Acontece que forasteiros estão a caminho dessa casa na Geórgia rural. São familiares próximos, cunhadas asquerosas e meninos pequenos. Além deles, vem também uma figura do passado, uma mulher que em tempos conquistou o coração de Nana, a matriarca de quem já falámos. Ela é Irina e sua ausência já dura muitos anos, sendo que só foi interrompida pelo advento da morte. Quando os parentes falecem, há heranças a dividir e os sobreviventes errantes regressam todos ao ninho.
Através de um estilo minimalista, “Comets” detalha a reticente interação das duas mulheres. Quando a imagem corta, não respeita a linearidade do tempo e mescla o sonho do amor passado com o presente. É aquela dança entre o ontem e o agora que mencionámos anteriormente, algo que transcende o modelo do flashback. A montagem não anuncia o recordar, aglutinando os dois tempos da ação.
Se a cena contemporânea não nos dá a emoção fogosa, seu contraste com o idílio de outros tempos evoca melancolia e um sentido de grande perda. Nesse sentido, “Comets” é um bom exemplo de economia dramática e formal, um tipo de cinema feito com poucos recursos, mas grande disciplina. Com isso dito, podemos admirar a frugalidade e a imaginação do artista sem aplaudir em demasia o seu lavoro.
Temos aqui uma história que vive nos silêncios, nos amores que nunca são verbalizados e nos desejos que jamais despoletam a ação. Se um gesto abortado pudesse metamorfosear-se em filme, “Comets” seria uma boa aproximação do seu ser. Queremos com isto dizer que a indefinição tem limites, que o minimalismo nem sempre compensa e que um toque de emoção explodida não ficaria mal a este suspiro cinematográfico.

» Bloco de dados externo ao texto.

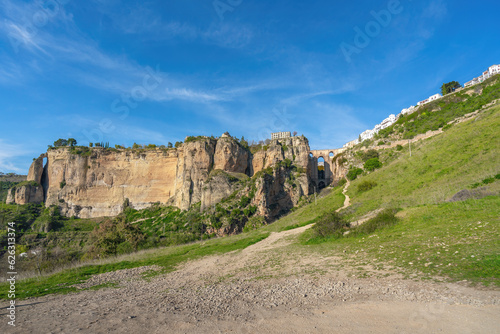 Ronda Cliff with El Tajo Gorge and Puente Nuevo Bridge - Ronda  Andalusia  Spain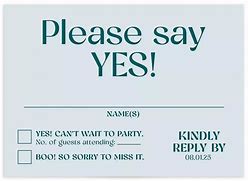 Image result for Wedding RSVP Wording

É claro que, quaisquer críticas de aborrecimento mortal não se aplicam aos minutos finais de “Comets”. Quando a conclusão se anuncia, o filme dá uma valente cambalhota tonal e vai buscar ao prólogo suas ideias de cosmogonia fantasiosa. De repente, o realismo reprimido dá lugar a uma estilização quebrante, cheia de efeitos sonoros artificiais e uma pátina alienante de irrealidade. Se calhar, tanta é a dor do amor perdido, da flor da paixão que se deixou murchar, que só mesmo o advento do OVNI pode ilustrar o que vai no coração.

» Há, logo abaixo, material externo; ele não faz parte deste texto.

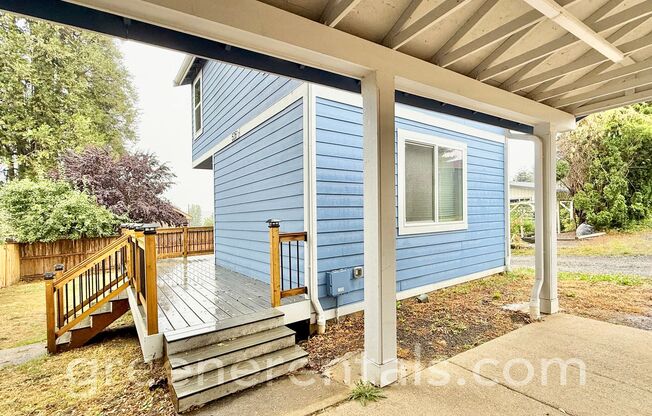 Modern 1-Bedroom Home with Yard, Deck & Carport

Movendo-se a um ritmo glacial apesar de ter só 70 minutos, “Comets” testa a paciência do espetador e recompensa-o com um uma história de amor perdido muito pouco convencional. Minimalista e económico, este drama termina numa nota confusa que tanto fascina como frustra.
O MELHOR: A disciplina elegante da filmagem, mesmo que essa mesma técnica acabe por prejudicar a totalidade da obra. Isso e a loucura do fim.
O PIOR: Este é um filme em que praticamente nada acontece, tanto a nível formal como narrativo. Até o mais devoto cinéfilo terá dificuldade em não cair num transe de aborrecimento mortal, por muito tresloucado que o final seja.